Shaoning Yao from IBM (O6.2) continued the Mn barrier theme with a CuMn alloy seed layer to improve electromigration results. This is used in conjunction with the conventional Ta/TaN barrier, not as a replacement for it, and was successfully integrated at 32nm. Line depletion failure improves by 10×-25×. Further a non-gouging liner (TaN/Ta/CuMn at the via bottom) performed 2× better than a gouging liner (no TaN at the via bottom).
Neda Dalili of the U. of Alberta (O6.3) took a look at amorphous TaN as a copper diffusion barrier. During anneal at 500°C-800°C, TaSi forms in samples of TaN on Si when there is copper present on top of TaN, but not when there is no Cu present. With Cu, the barrier integrity is preserved to 700°C, but at 800°C the TaN barrier fails and Cu3Si forms. Amorphous TaN crystallizes to Ta2N above 500°C, and the volume displacement defects allow Cu diffusion to occur.

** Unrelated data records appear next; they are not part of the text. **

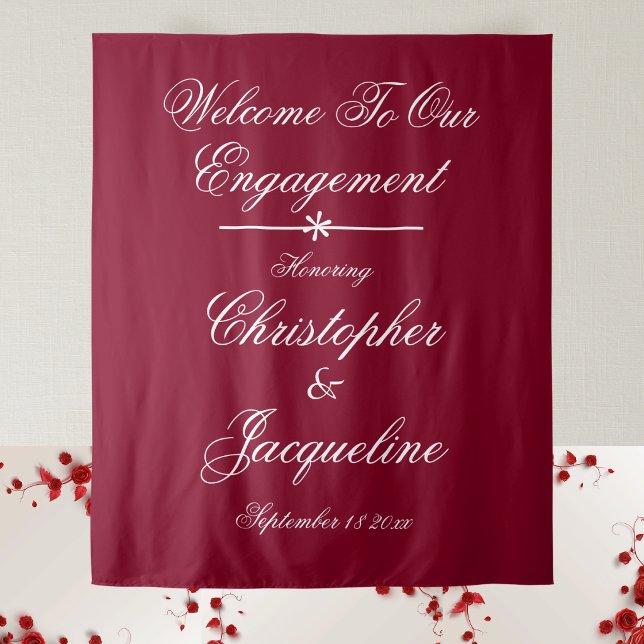 Tenture Élégant écriture blanche fête de fiançailles borde (Make a lasting impression with this gorgeous burgundy red banner with elegant white script.)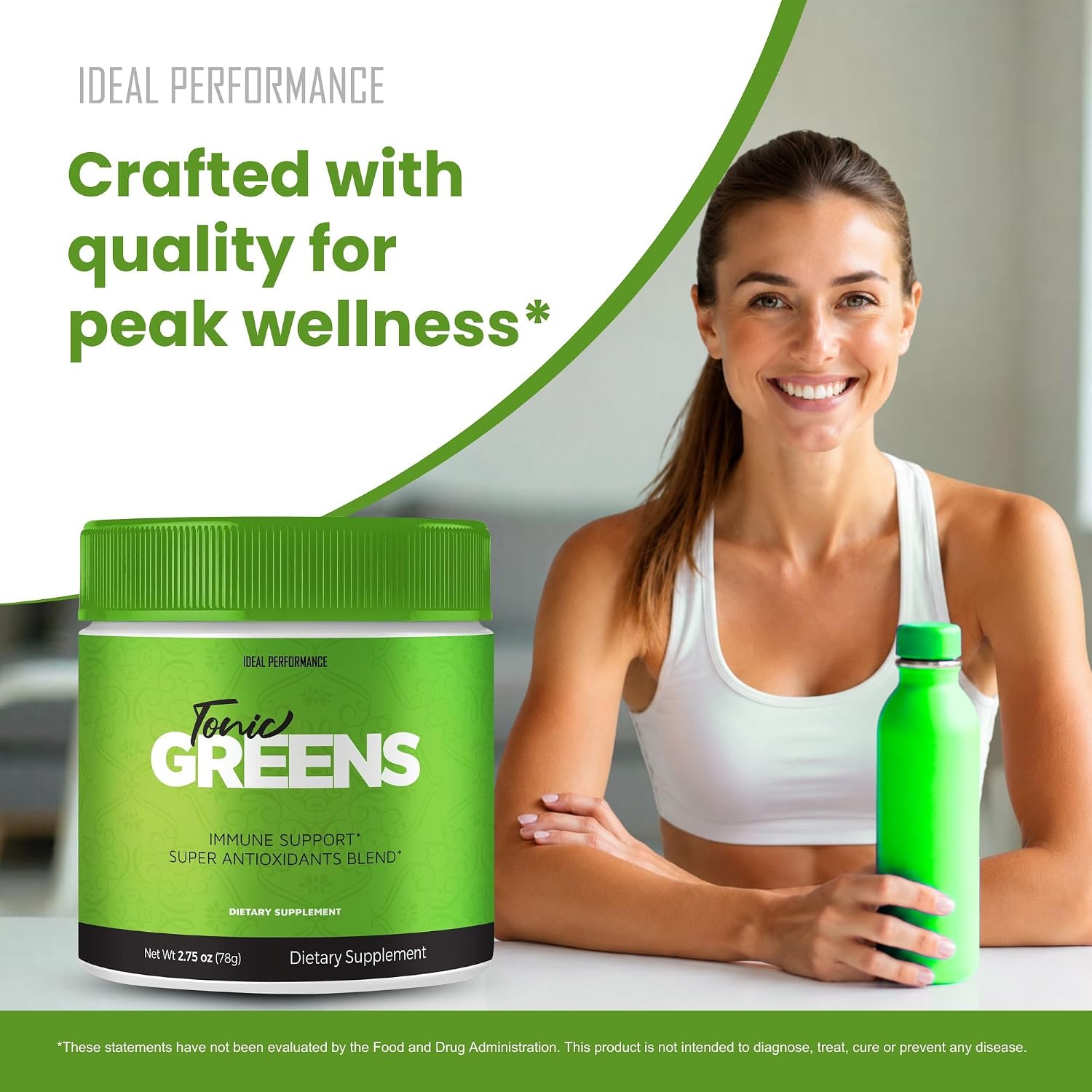 Tonic Greens - Suplemento en Polvo de Verde Natural con BCAA - Fórmula Avanzada - 2 Paquetes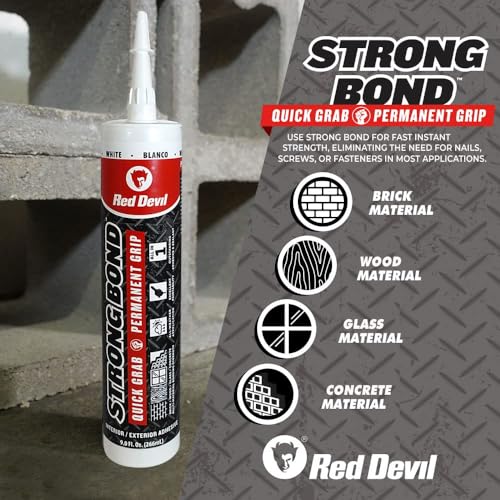 Red Devil 0956 Strong Bond Hybrid Polymer Construction Adhesive and Sealant, 9 Oz., White, 12 Pack - style: 12 Pack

Ryan Birringer at Stanford (O5.2) studied the adhesion of barrier materials to copper and related properties. Impurities in the barrier films tend to promote stress-induced void formation, which in turn leads to surface fracture and adhesion degradation. HKMG systems were also studied.
Taehoon Cheon at Yeungnam U. (Korea) (O6.7) has an ALD process for RuAlO barrier films that enable direct Cu plating without a seed layer. Ru is not suitable by itself as a Cu barrier due to its polycrystalline columnar grain structure. This ternary Ru alloy is one of several that have been proposed. Films are formed at 225°C using Ru(EtCp)2 and Al(CH3)3 ALD deposition super cycles up to a ratio of 40:5. Excellent conformality was demonstrated in an AR=32 trench. Direct plating of Cu without a seed was shown with good adhesion.
Sanghyuk Choi at Yeungnam U. (O6.8) spoke about the deposition and plating properties of ALD Ru barrier using the zero valence Ru precursor described in Cheon’s talk. Growth rate was 0.08nm/cycle with negligible incubation cycles of ~9, indicating the rapid nucleation of Ru. The deposition is self-limiting, indicating a surface reaction and not thermal decomposition. Adhesion on Ta was comparable to PVD Ru. Resistivity was 15μΩcm with a polycrystalline columnar grain structure.